▶ _Task goal_:
The entries need to be copied exactly as they stand, images left out.

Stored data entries
* * * * * * *
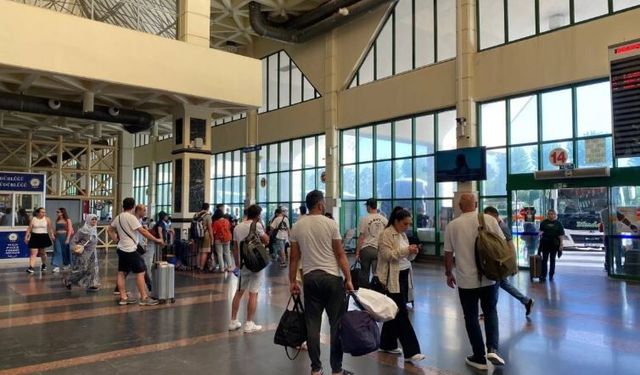 Antalya Otogarı’nda yoğunluk! Tatilciler dönüş yolunda…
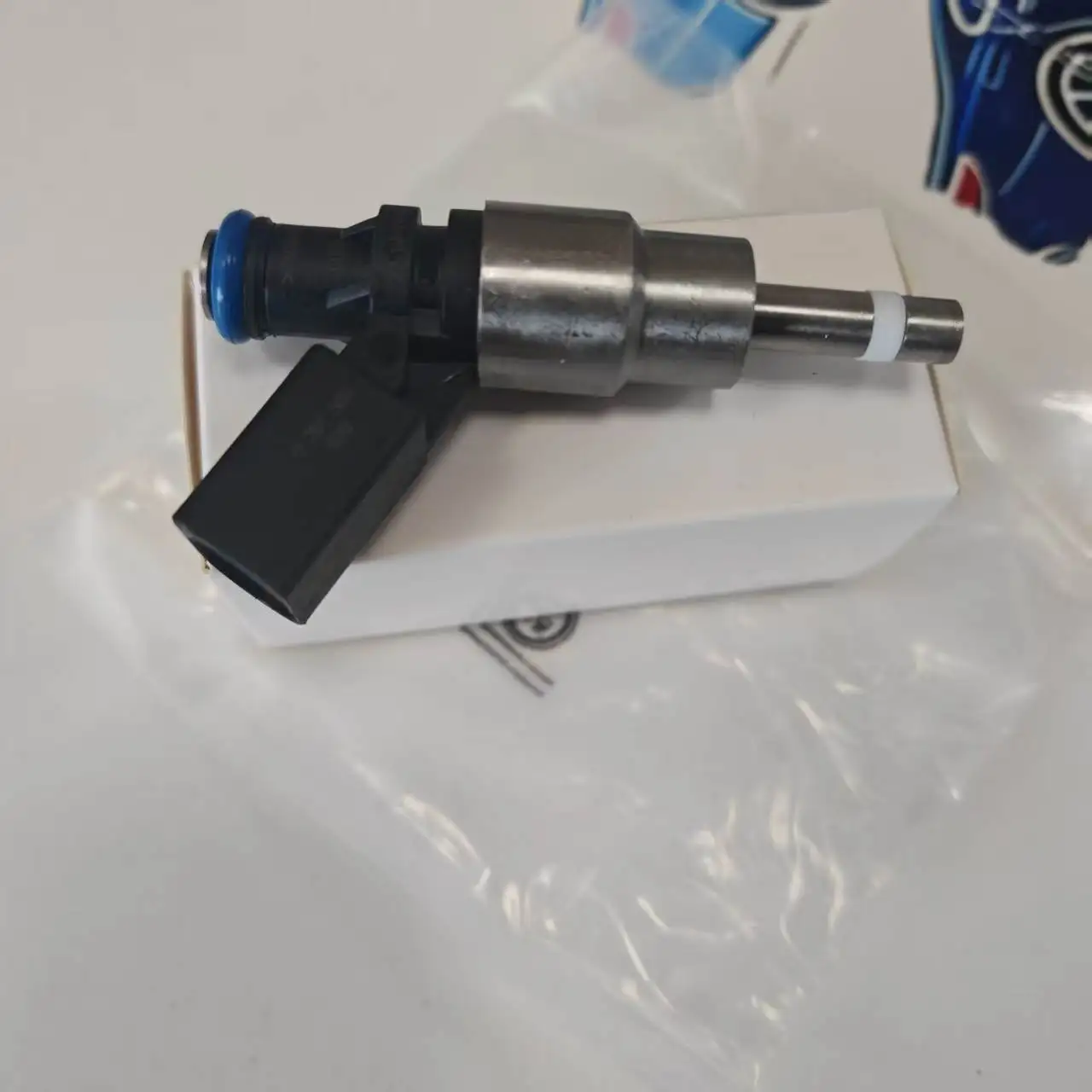 Suitable for Audi A3, A4, A4 Quattro, TT, for Volkswagen GTI, EOS, Jetta, Fuel Injector OE 06F 906 036 A, 06F906036F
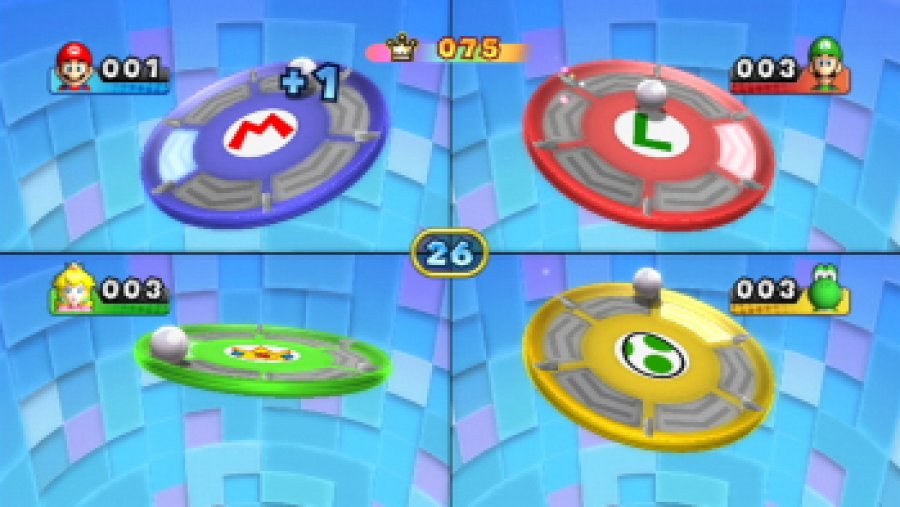 Vier Spieler balancieren eine Kugel auf einer Scheibe.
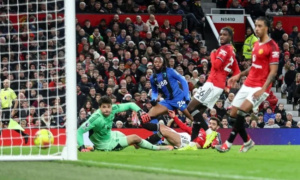 Man United 4-4 Bournemouth: Gary Neville chỉ trích sai lầm của Shaw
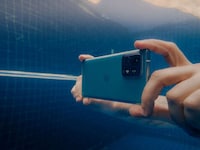 Curvaceous Flagship Smartphones Image 4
* * * * * * *
▶ _Reply_:
 Antalya Otogarı’nda yoğunluk! Tatilciler dönüş yolunda…
 Suitable for Audi A3, A4, A4 Quattro, TT, for Volkswagen GTI, EOS, Jetta, Fuel Injector OE 06F 906 036 A, 06F906036F
 Vier Spieler balancieren eine Kugel auf einer Scheibe.
 Man United 4-4 Bournemouth: Gary Neville chỉ trích sai lầm của Shaw
 Curvaceous Flagship Smartphones Image 4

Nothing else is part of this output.